So I finally
scored an original old style top triple tree and later a set
of original 3" risers, with the original bushings still
installed. So go to press out the bushings to replace them (they're
shot, as you might expect after 50+ years) and when I do, the
rubber bushing slides right out but the metal sleeve is still
stuck in there. Bit of rust in there, too. Any thoughts on how
to get that sucker out of there so I can press in new bushings?
Still got one to go, so any thoughts on how to avoid this next
time? Thanks again...
-Kuda (man of a 1000 questions)
'49 FL
.
Post by Skip on Feb 21, 2006, 4:24pm
cut mine off with a dremel and a cutting wheel...put a screwdriver in the cut
and they slid right off no problem...Skip
Post by Kuda on Feb 22, 2006, 1:42pm
Huh. A dremel? I'm trying to figure out how in the hell I can get my dremel tool
up in there. The hole it only a little larger than the cut off wheel on the tool,
plus I could only cut it horizontally, not vertically (inot inline with the riser,
but around the middle). Can't see how that would help, but maybe I'm not getting
it?
-Kuda
Post by Skip on Feb 22, 2006, 2:13pm
I have an extension on mine that is like a cable...held it in there at an angle
and cut at an angle...I did use used wheels...even needed to waste some to make
them a tad smaller...just as my dad would say...poor folks have poor ways! Sorry
if it dosen't help...worked for me...Skip
Post by BigMike on Feb 22, 2006, 3:48pm
how about hosing it down with PB blast or liquid wrench of some sort and pressing
them out with an arbor. If the size matches up with a standard, fine, if not,
make one on a lathe. It shouldn't be too tough. If you don't have the tooling
or lathe, try some heat, and a brass drift to loosen it. Don't go crazy with
the torch, you are just trying to get the top tree to let go of the bushing,
not heat it up to the point of causing warpage, cracks, or other problems.

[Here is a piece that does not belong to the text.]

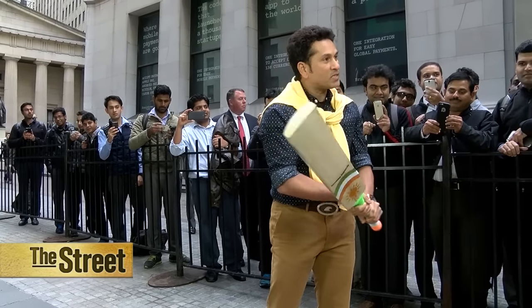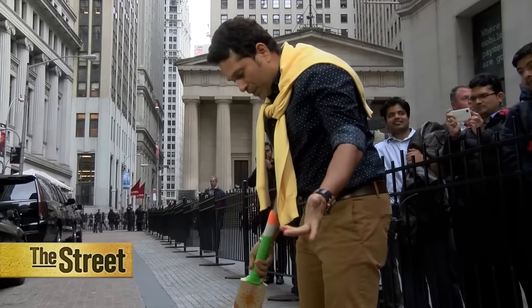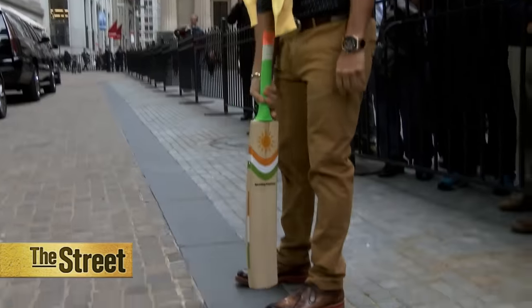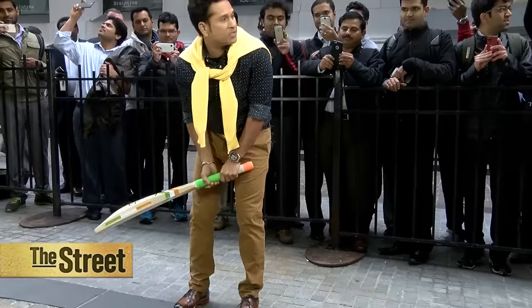The grip is important. The ideal stance would be to keep around 8 to 10 inches between your feet, and that's your stance.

Post by PanPal on Feb 22, 2006, 7:05pm
If the sleeve is stuck in a blind hole, you can pack the inside with grease and
find a rod that fits real well inside the sleeve you want to remove. Hit the
rod with a hammer, and the grease acts like a hydraulic press and pushes the
sleeve out while the rod is smacked. If there is a through hole that has threads,
you could try to plug it with a bolt.
You could also try to weld a bead inside the sleeve and as it cools, it may drop
right out. A short bead is all that is needed most times.
Post by Kuda on Feb 27, 2006, 7:21pm
"held it in there at an angle and cut at an angle...I did use used wheels...even
needed to waste some to make them a tad smaller..."
Ah! Now I've got it, and I think that's worth a try. I don't have a flexible
extension on mine, but I think I rig up a ridged extension without too much trouble.
Thanks!
-Kuda
Post by Kuda on Feb 27, 2006, 7:26pm
"how about hosing it down with PB blast or liquid wrench of some sort and
pressing them out with an arbor."
Soaked 'em both overnight in liquid wrench, but it didn't help much...
"If the size matches up with a standard, fine, if not, make one on a lathe.
It shouldn't be too tough. If you don't have the tooling or lathe, try some heat,
and a brass drift to loosen it. Don't go crazy with the torch, you are just trying
to get the top tree to let go of the bushing, not heat it up to the point of
causing warpage, cracks, or other problems."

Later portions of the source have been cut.